> Raw data
—————

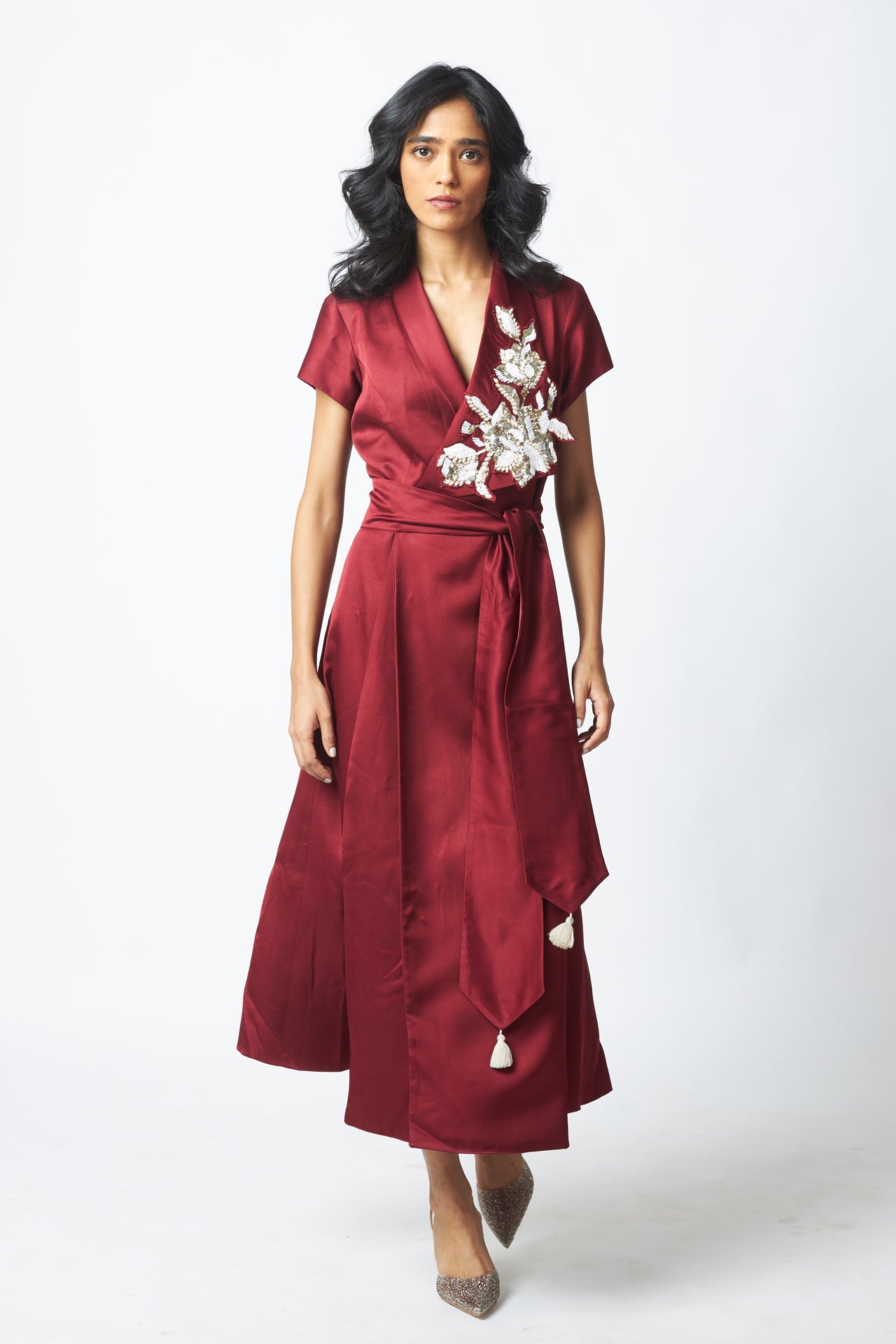 Ravena Floral Broach Long Wrap Dress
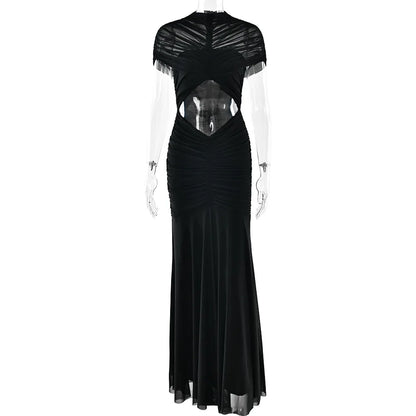 JULISSA MO Patchwork Sexy Hollow Out Sheer Mesh Women Maxi Dress Turtleneck Ruched Dress Spring Slim Elegant Party Evening Dress
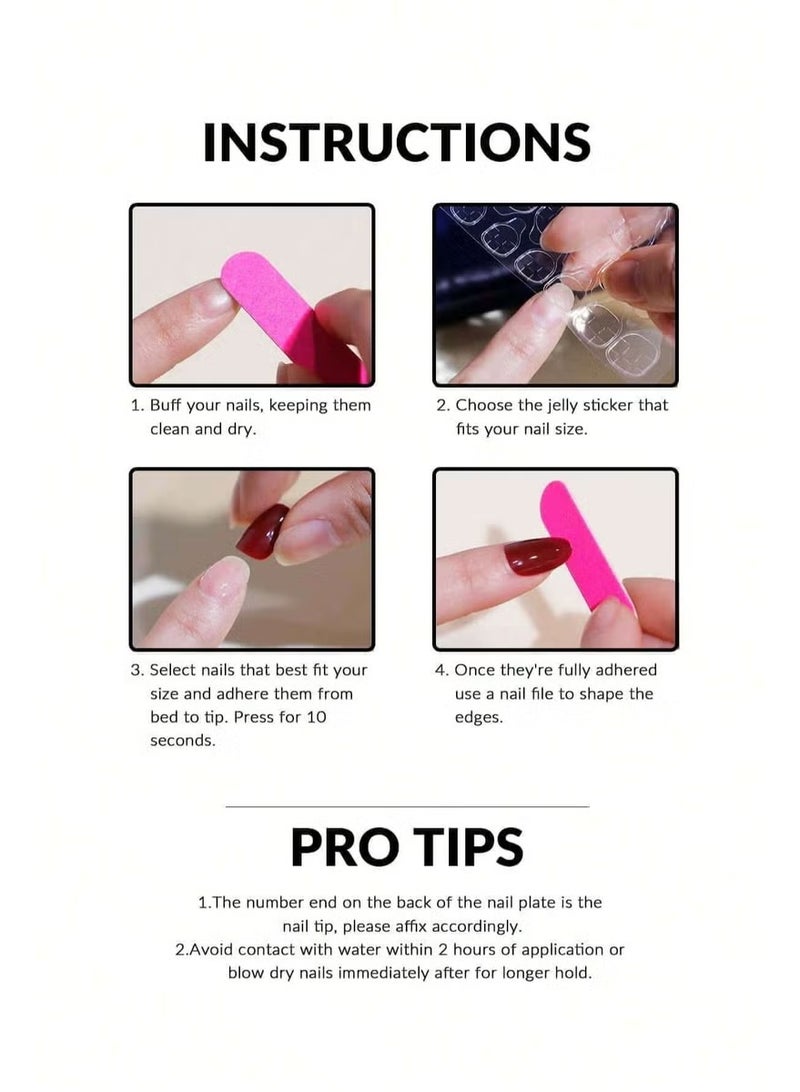 GlamKit French-style square false nails. The box contains 24 nails, a nail file, and jelly gel. - Image 4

—————

> Work instructions
Please print the data above once more, exactly and without images.

> Solution for this exercise
 Ravena Floral Broach Long Wrap Dress
 JULISSA MO Patchwork Sexy Hollow Out Sheer Mesh Women Maxi Dress Turtleneck Ruched Dress Spring Slim Elegant Party Evening Dress
 GlamKit French-style square false nails. The box contains 24 nails, a nail file, and jelly gel. - Image 4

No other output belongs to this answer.